I'm a student @ Pathways and its a nice school with some great advantages. Some of the things that separate Pathways from public schools are its community involvement, SI rooms (rooms with beds) and lack of bullies.
I currently attend this school. I am 17 years old and have been attending for a wile now, although much of the staff is responsible they are very afraid of discipline. This is where the problems generally start... If a student informs a teacher of an issue hes having they are supposed to inform the principle or a counselor, That being said no teacher wants to report something that could get them or a co worker in trouble. If a student asks to speak to the principle or a counselor themselves the teacher will, without even checking, tell you that they are unavailable. Despite all these things it is a great school for a child who for whatever reason, may not need the educational part of the program. the teachers are very good at dodging subjects that upset students, this also becomes a problem, If a student wants to get a full valuable education they cant. This is because the teachers don't in any way promote participation, If a student wants to leave class there are no questions asked they just leave. I have never heard of such a lack of respect for education. If your considering having your child attend then you should consider does s/he need a content based education or emotional?

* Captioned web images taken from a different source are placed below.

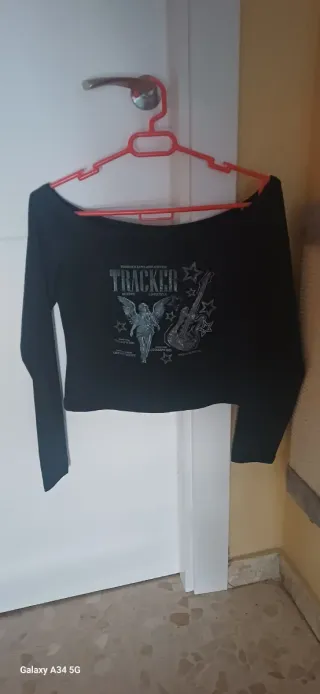 Camiseta de rayas con estrella negra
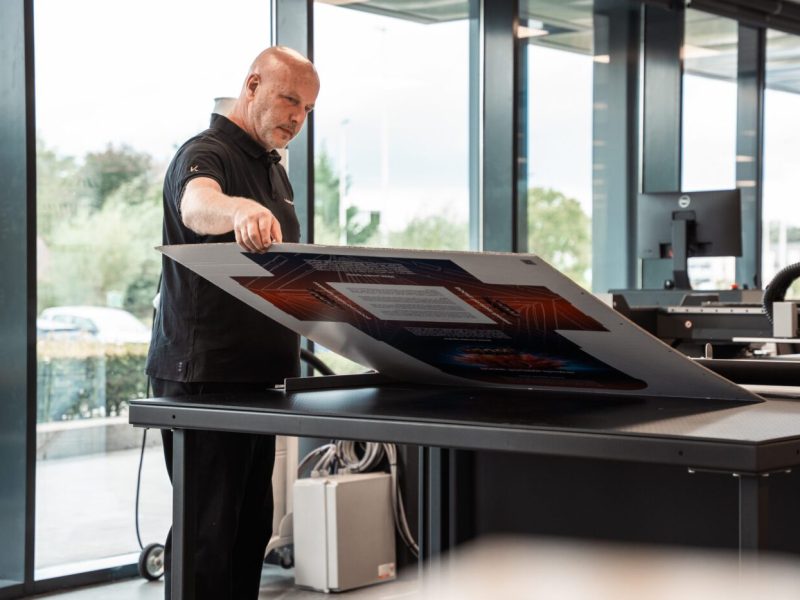 Man using the new Kongsberg Smart Media Handler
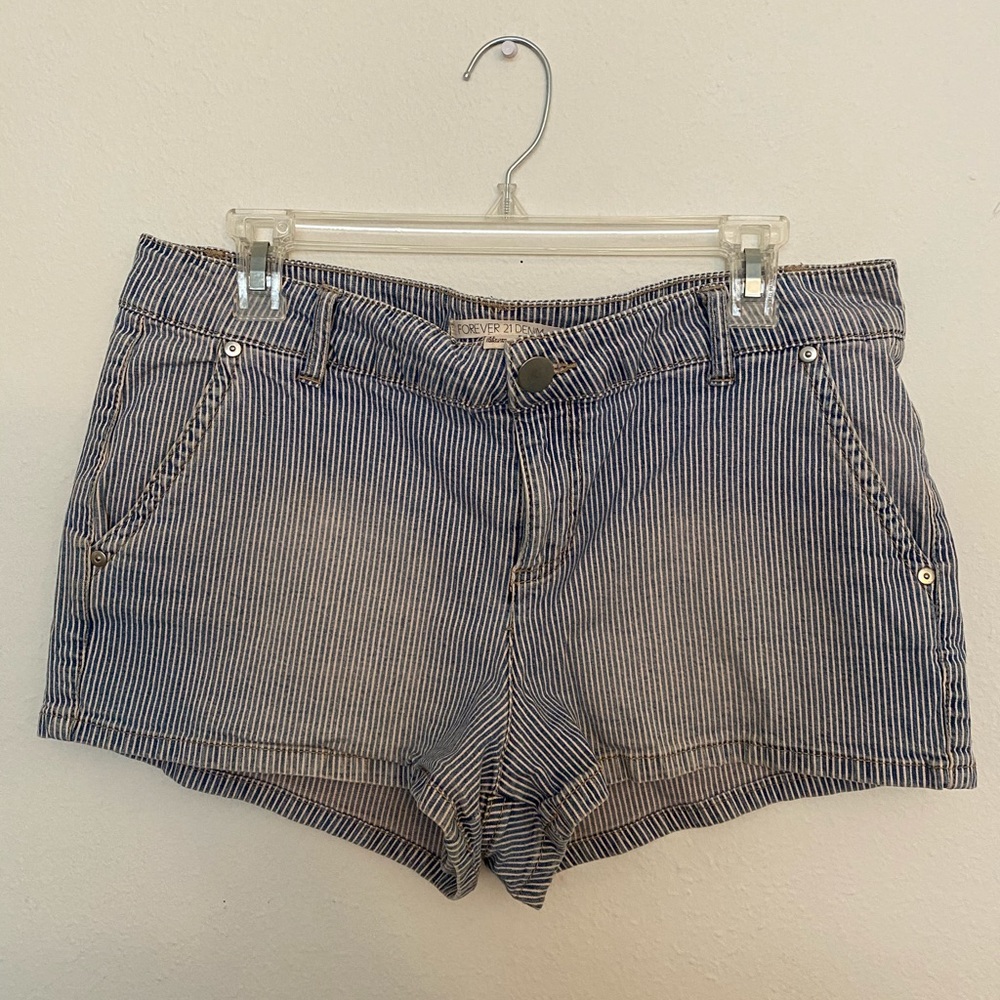 Pinstripe forever 21 shorts - size 31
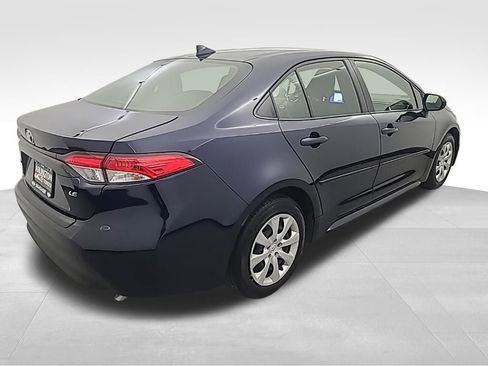 Used 2023 Toyota Corolla LE w/ Carpet Mat Package (TMS) image 4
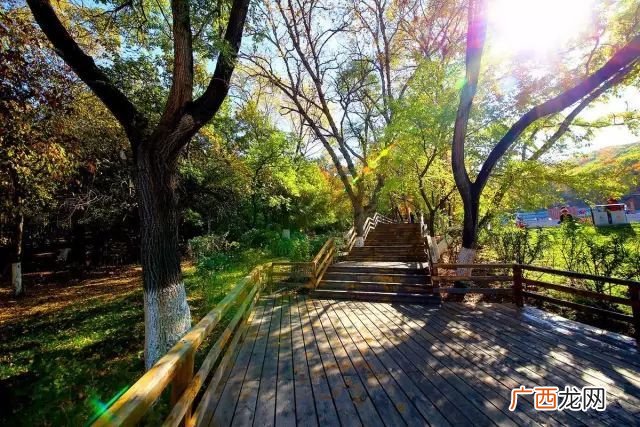 长春这有山在哪里,长春净月潭最高峰？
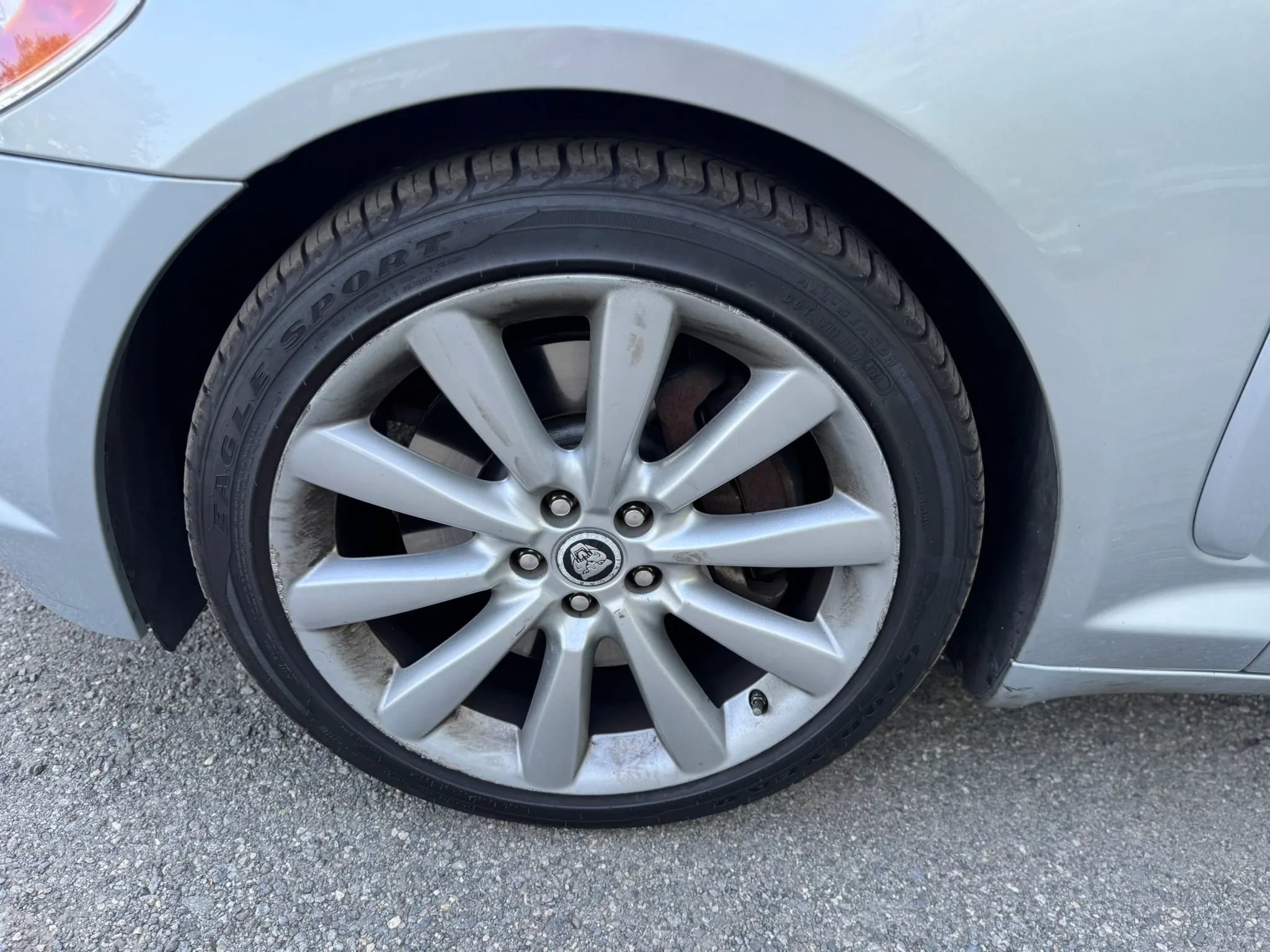Used 2011 Jaguar XF Premium RWD image 9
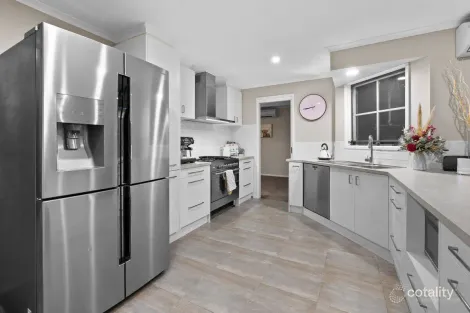 Property photo of 4 Baltaser Drive Pakenham VIC 3810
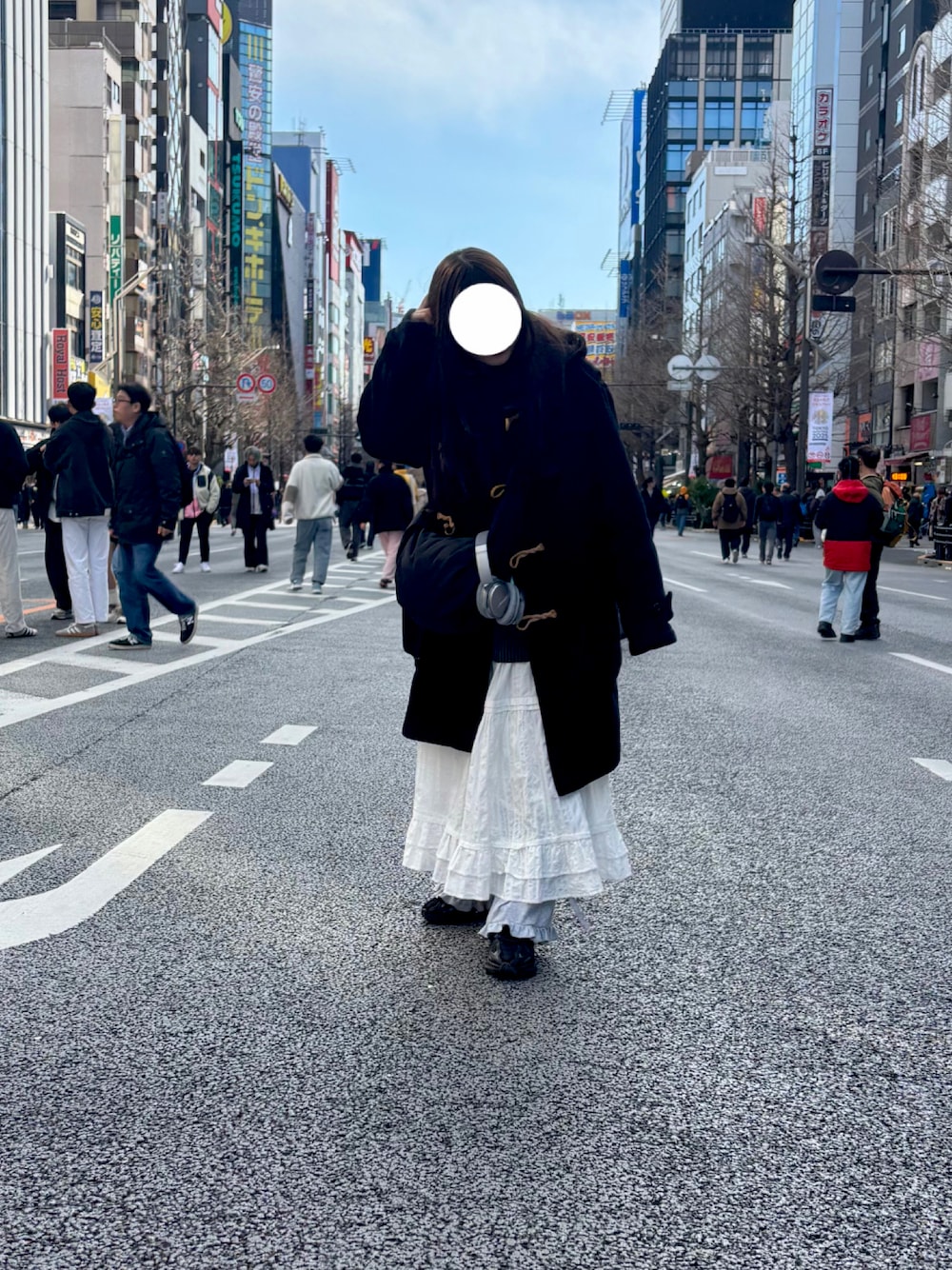 MARGARET HOWELLのダッフルコートを使った人気ファッション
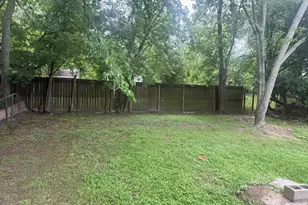 215 Blackshear St, Tomball, TX 77375 - Photo 13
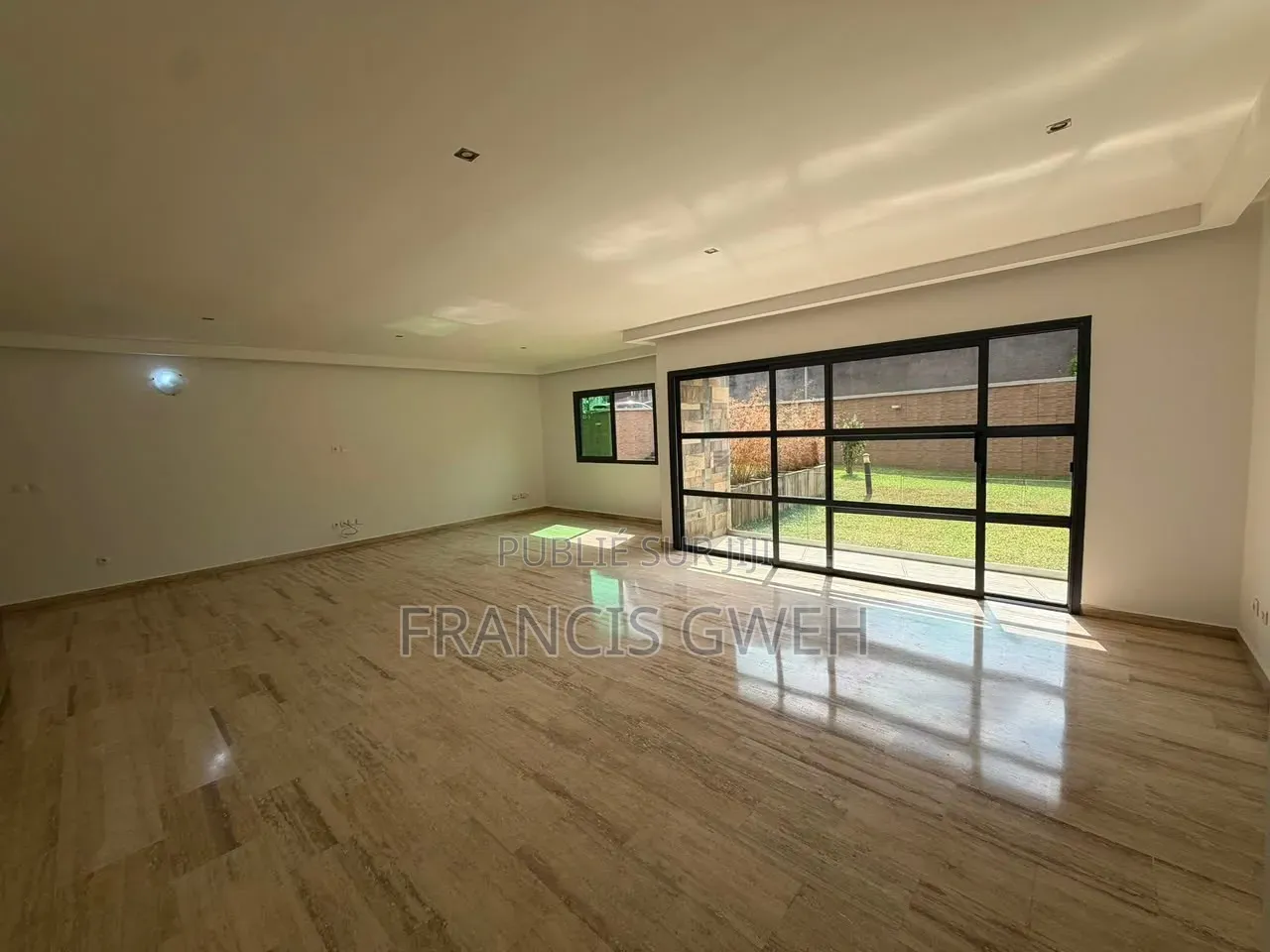 3chbre Appartement dans Francis Gweh, Le Plateau à Louer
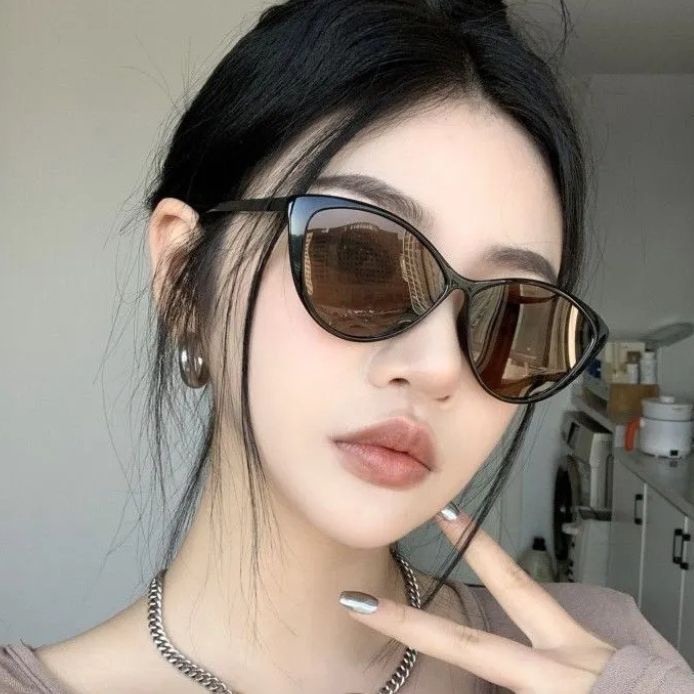แว่นตากันแดด กรอบแคทอาย ป้องกันรังสียูวี สไตล์เกาหลี แฟชั่นสําหรับผู้หญิง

I am a current student at CNS/Pathways. It is a good program, with great support from the social worker, team leaders, and other staff. Here's the contact info for the Admissions Director: Faraz M. Sabet 115 Mill St, East House 1 Belmont, MA, 02478 Phone: 617-855-3626 Fax: 617-855-2833 Email: firstname.lastname@example.org
We came to Arlington via a disastrous experience at Beacon HS. At Arlington they clearly understand what is like to have a psychiatric illness and they are very supportive to the child and the family around anything relating to the child's condition. Beacon was not so supportive. The academics have been good. They do a good job of keeping the standards high and the work rigorous without putting these kids under unnecessary pressure which can potentially trigger them.